It had to do with Hart’s theory of campaigning. (Hart always had a theory.) He liked to build from the bottom up. That meant all organizing was local: once a person signed on to run a town, they need only turn to the state office for supplies, resources, and requests for the candidate’s time. In the same way, the state campaigns never had to follow orders from the national staff. The national staff was there to serve the states. When Hart explained the theory, he talked about concentric circles. The base of the campaign, and the locus of his greatest effort, was that first circle. It wasn’t too big—could not be—maybe ten or twelve souls in any one state, handpicked for their energy, credibility, and contacts, who knew Hart, knew what he stood for, had internalized the message. Those ten or twelve would then create a second, larger circle: people they knew, in their neighborhoods, or places of work. They might invite a group to their house to meet Hart, or get a member of the second circle to host a coffee, with
his
friends, which would start a third circle. The point was, the message would radiate out to the final, largest circle, the voters as a mass.
It was like Amway ... or saving souls. More like the latter, because it rested on faith, ultimately on Hart’s own faith: he was the only one who fed all the circles. In ’83, Hart had to explain the theory, how it would work, over and over: forget about the polls—once he started to win, the polls would turn around overnight. Forget about endorsements: he could do more with half a dozen good twenty-two-year-old organizers than a score of State Senators who climbed on because they thought he was a winner. Before the votes went down in ’84, Hart even had to tell his people to forget about money—their salaries, which he could no longer pay. When he started to win, the money would roll in. It was the same thing he said about charisma: they called him aloof, too cool, couldn’t lift a crowd ... well, when he started to win—suddenly—they’d see the charisma. Americans love a winner, he said. They were going to love him.
And they did. After he won New Hampshire in ’84, he was instantly the candidate of charisma—funny, how he’d changed so much in a week. ... That’s what he thought this time around, when everybody said how much better he was. All the writers with him in January ’87 came away with the same psycho-political mumble about Hart—“more at ease with himself ... more relaxed ... more at peace ...” Yeah, he was more at peace: he was thirty points ahead.

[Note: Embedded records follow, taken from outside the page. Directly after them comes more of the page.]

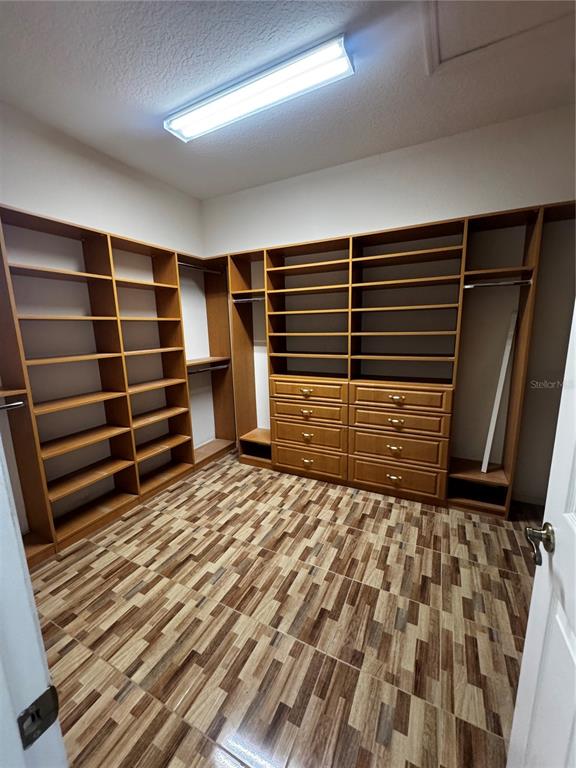 A walk-in closet features wood shelving, built-in drawers, and patterned tile flooring — 15296 SW 15TH TERRACE ROAD, OCALA, FL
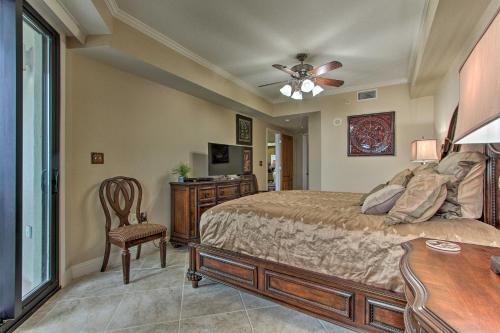 a bedroom with a bed and a table and a chair at Ornate Resort Condo with Balcony, Pool, Water Views! in Pensacola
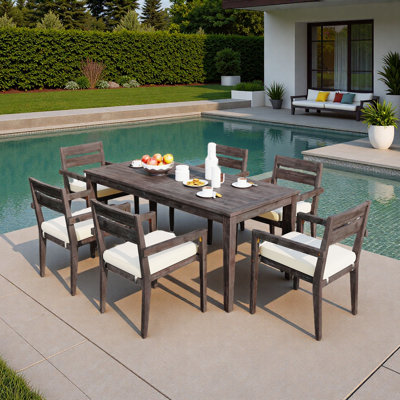 7 Pieces Outdoor Dining Set Included 1 Large Table And 6 Stackable Chairs  With Cushions And Waterproof Feature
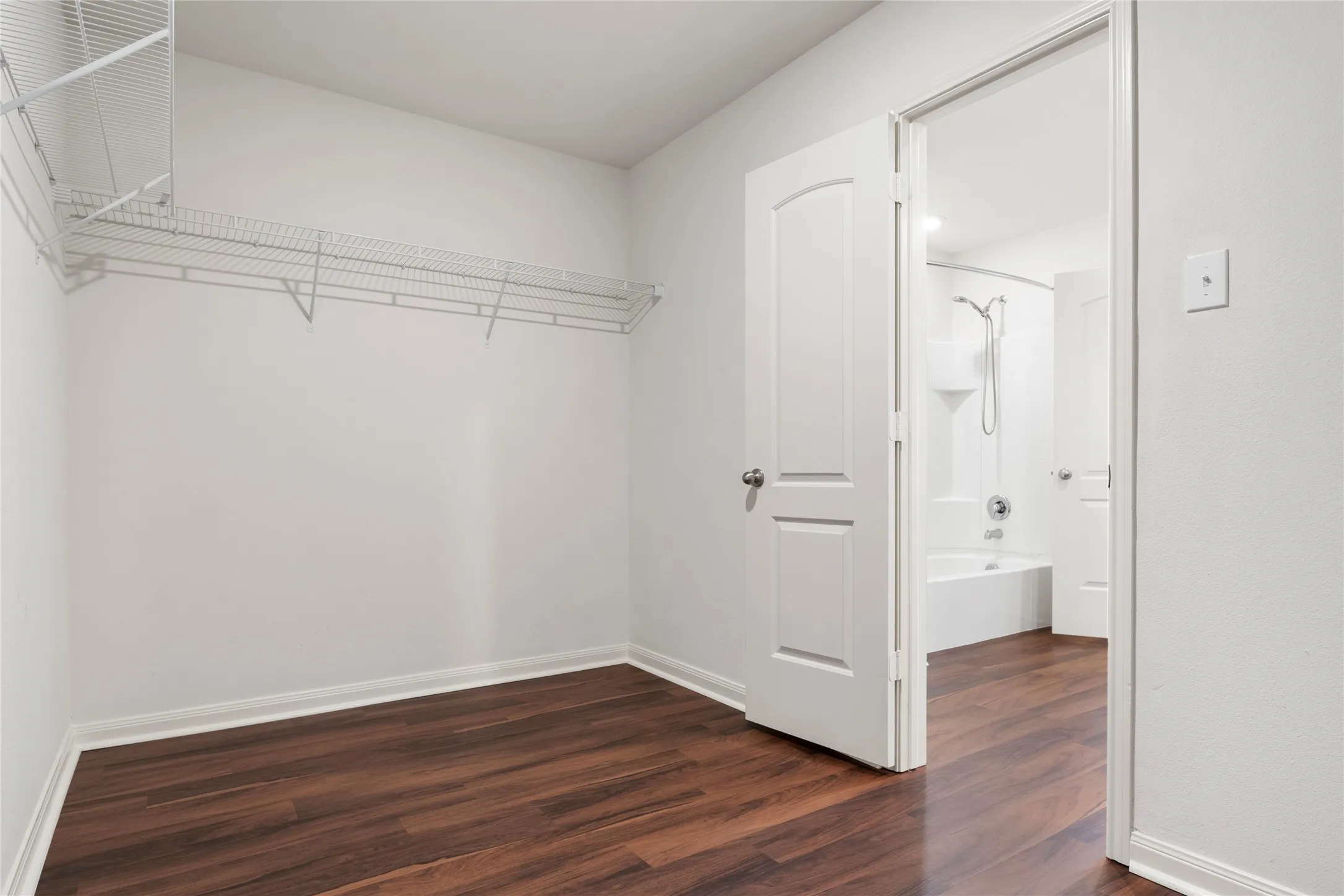 Primary Bedroom's walk in closet. Room features wood-finish LVP  flooring, white walls, and a wire shelving system.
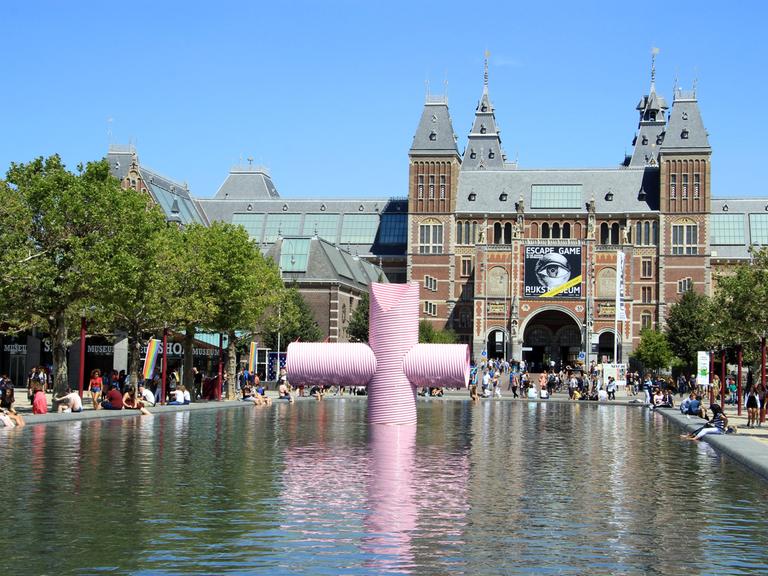 Blick auf das Rijksmuseum in Amsterdam; ein großes altes Gebäude. Im Vordergrund ist ein Wasserbecken mit einer Kunstskulptur.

But there was no doubt it was clicking, whatever “it” was. In those living rooms, Hart was self-possessed, self-assured, funny sometimes, always full of purpose. He knew what he wanted from that room, that day. He knew what he had to say, and why. His issues made sense, they hung together: it was a worldview; that’s what Hart had spent the last two years on. He had connected the dots. So, when he brought up an oil-import fee—a ten-dollar-a-barrel tax on imported oil—it may not have been a popular stand in New England (where heating-oil costs are a cutting issue). But Hart did not justify the tax just on the basis of energy policy—to spur production in the Southwest. It would also help reduce America’s killing trade deficit. It would raise money for his education proposals. Most of all, it was a national security issue: if America had to send troops to protect “our” oil in the Persian Gulf, the result, he insisted, would be disaster.

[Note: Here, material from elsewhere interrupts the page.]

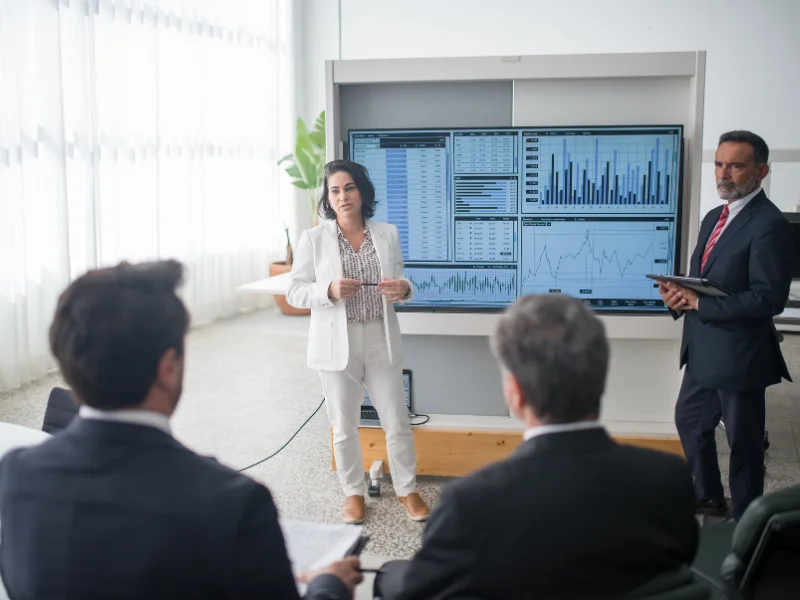 What Is a Proof of Concept? layout with team presenting analytics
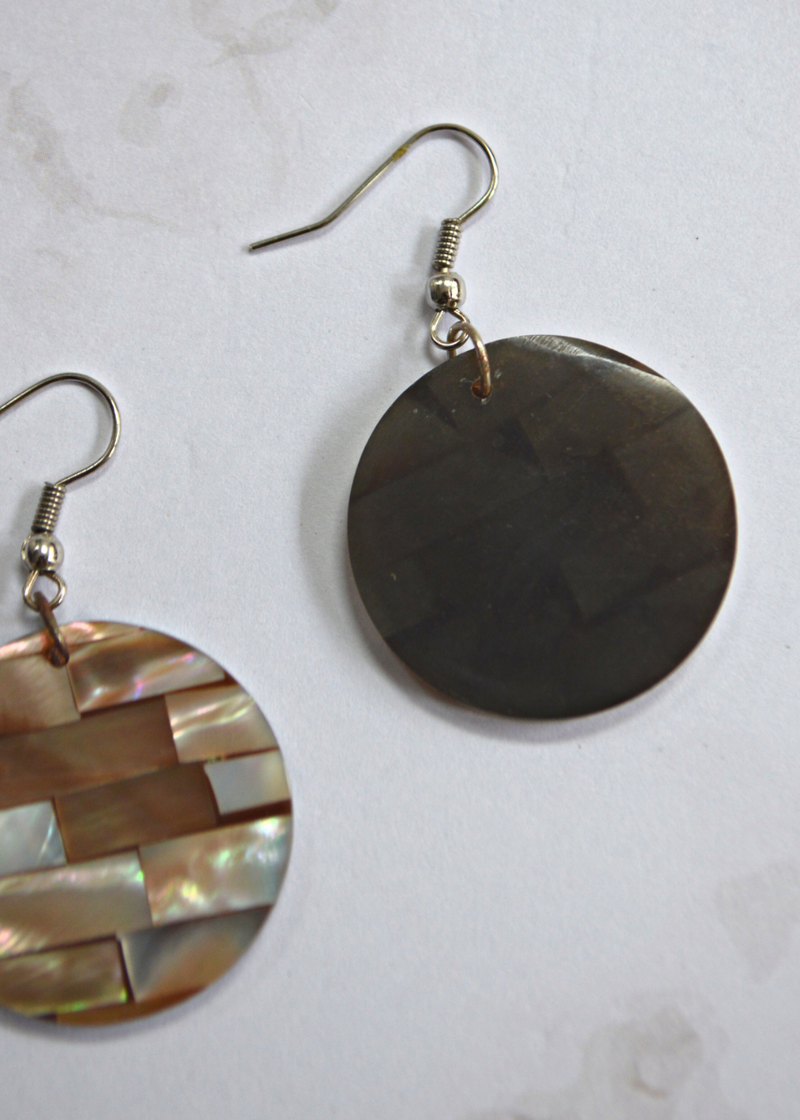 close up of the front and back of light brown Mother of Pearl Disc Earrings laid on a marble textured background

And always, in the question-and-answer sessions, he found his own overdrive, bringing the questions of policy back to the bedrock of Hart-facts. Yes, he was against protectionist tariffs. But not just because they were a bogeyman since the thirties, when tariffs caused a worldwide depression. It was because the goals of trade had changed. America could not, and would not, dominate world markets as it did after the Second World War. The goal of trade had to be a mutual enrichment, the size of the worldwide pie expanding as nations bought ever more from one another: if the America-first crowd ever won, if the U.S. somehow restored its domination, the result would be enmity, isolation, and war.

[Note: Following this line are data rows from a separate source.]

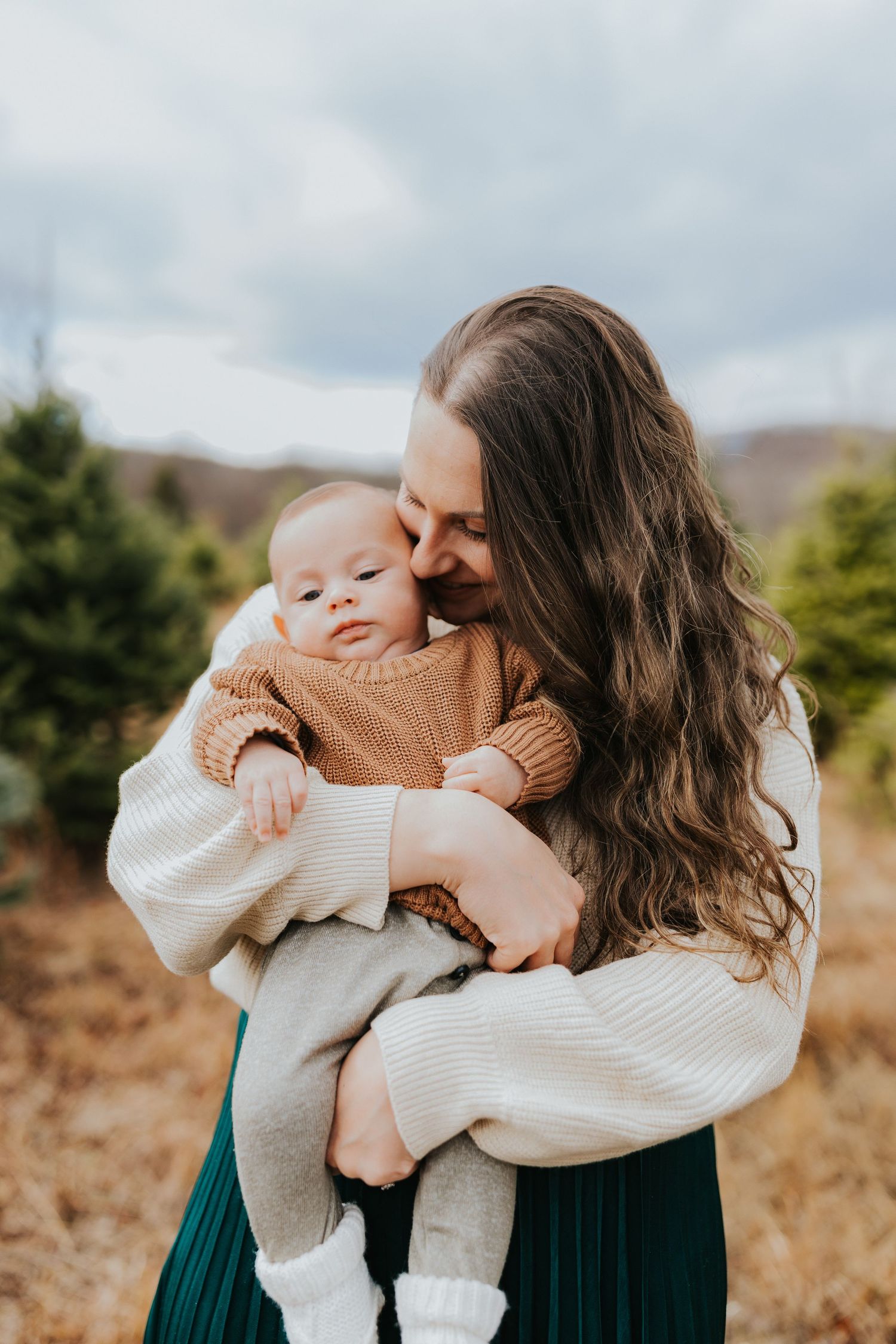 Mother with long wavy hair tenderly kisses baby in brown sweater at Christmas tree farm.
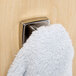 A white towel hanging on a Bobrick metal robe hook.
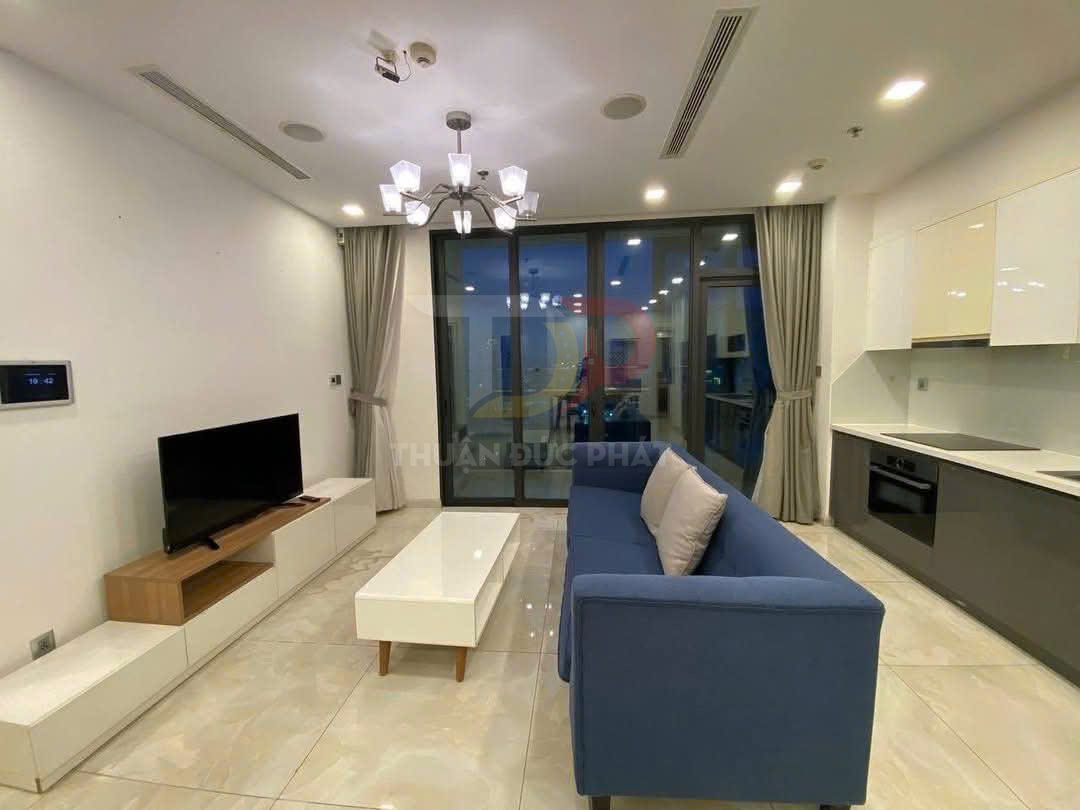 Phòng khách căn hộ hiện đại với sofa xanh, bàn trà trắng, tivi màn phẳng và bếp liền kề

You could see it starting to sink in, in those living rooms, in the faces locked onto his. It wasn’t so much they agreed ... but this guy was the size of a President. That was the measure people were taking, a year before the voting started: Hart was of size. People asked him questions they would ask a President. People told him they wanted to help. People signed the sheet in the back of the living room, and Hart knew the follow-up would be there: those people would be brought into the circle; the machinery was in place.
Was he more at peace? Well, yes. ... He still had debt from the last campaign—a million and a half—but the money would be there. The debt was down from almost five million—of course, nobody wrote that. He still didn’t have many endorsements. (He only had one elected official in Iowa, and
that
guy just got caught getting a blow-job from his secretary in a car, so the Hart campaign wasn’t using his name.) But elected officials could read the polls. The point was, Hart was winning.
Now he’d wind up a day of campaigning with a dinner for the staff, the local drivers, all the reporters, an easy, off-the-record talk about anything. He’d even talk a bit about himself. He let a photographer take his picture, with his family ... watching football
... at his cabin
! He’d never let them near the place before.
He even sat down with
Us
magazine ... and had a good time, mugging in his mirrored shades, jumping up to turn up the Mozart on the radio ... “Gary Hart is relaxed today,”
Us
averred in surprise. “He is funny, charismatic, witty—even a bit goofy. He is startlingly unlike the Gary Hart a good portion of the public sees as aloof, too intellectual and boring....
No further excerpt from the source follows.